- **Your goal**
In the data that follows, find the line with "WALL-MOUNT LAPTOP SAFE/SECURITY"; transcribe it, every later line up to the one with "Sandália Rasteira Napa", and that line as well, exactly and with no others.
====
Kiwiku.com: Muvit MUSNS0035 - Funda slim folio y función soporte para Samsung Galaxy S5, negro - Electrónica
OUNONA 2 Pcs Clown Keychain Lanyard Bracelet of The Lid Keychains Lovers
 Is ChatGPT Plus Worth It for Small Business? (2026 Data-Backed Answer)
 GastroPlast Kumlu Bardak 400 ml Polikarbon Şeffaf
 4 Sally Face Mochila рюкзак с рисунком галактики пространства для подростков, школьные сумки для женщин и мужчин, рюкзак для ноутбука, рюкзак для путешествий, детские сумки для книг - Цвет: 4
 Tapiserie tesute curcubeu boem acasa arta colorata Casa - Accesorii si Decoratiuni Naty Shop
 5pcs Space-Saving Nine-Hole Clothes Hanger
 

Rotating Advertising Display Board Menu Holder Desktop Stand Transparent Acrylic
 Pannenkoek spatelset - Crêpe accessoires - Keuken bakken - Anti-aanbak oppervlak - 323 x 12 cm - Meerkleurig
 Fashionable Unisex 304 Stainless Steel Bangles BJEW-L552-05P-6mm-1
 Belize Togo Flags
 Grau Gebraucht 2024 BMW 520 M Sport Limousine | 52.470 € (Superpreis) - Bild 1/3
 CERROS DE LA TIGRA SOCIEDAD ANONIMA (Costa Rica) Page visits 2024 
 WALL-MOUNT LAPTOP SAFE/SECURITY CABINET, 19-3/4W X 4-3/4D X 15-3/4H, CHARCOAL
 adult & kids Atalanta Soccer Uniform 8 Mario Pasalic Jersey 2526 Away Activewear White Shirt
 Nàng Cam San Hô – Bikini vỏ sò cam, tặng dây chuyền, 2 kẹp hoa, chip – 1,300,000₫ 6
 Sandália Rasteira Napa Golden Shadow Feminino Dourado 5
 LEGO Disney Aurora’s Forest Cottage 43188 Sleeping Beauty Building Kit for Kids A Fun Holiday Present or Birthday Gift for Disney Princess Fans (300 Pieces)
====
- **Solution below**
 WALL-MOUNT LAPTOP SAFE/SECURITY CABINET, 19-3/4W X 4-3/4D X 15-3/4H, CHARCOAL
 adult & kids Atalanta Soccer Uniform 8 Mario Pasalic Jersey 2526 Away Activewear White Shirt
 Nàng Cam San Hô – Bikini vỏ sò cam, tặng dây chuyền, 2 kẹp hoa, chip – 1,300,000₫ 6
 Sandália Rasteira Napa Golden Shadow Feminino Dourado 5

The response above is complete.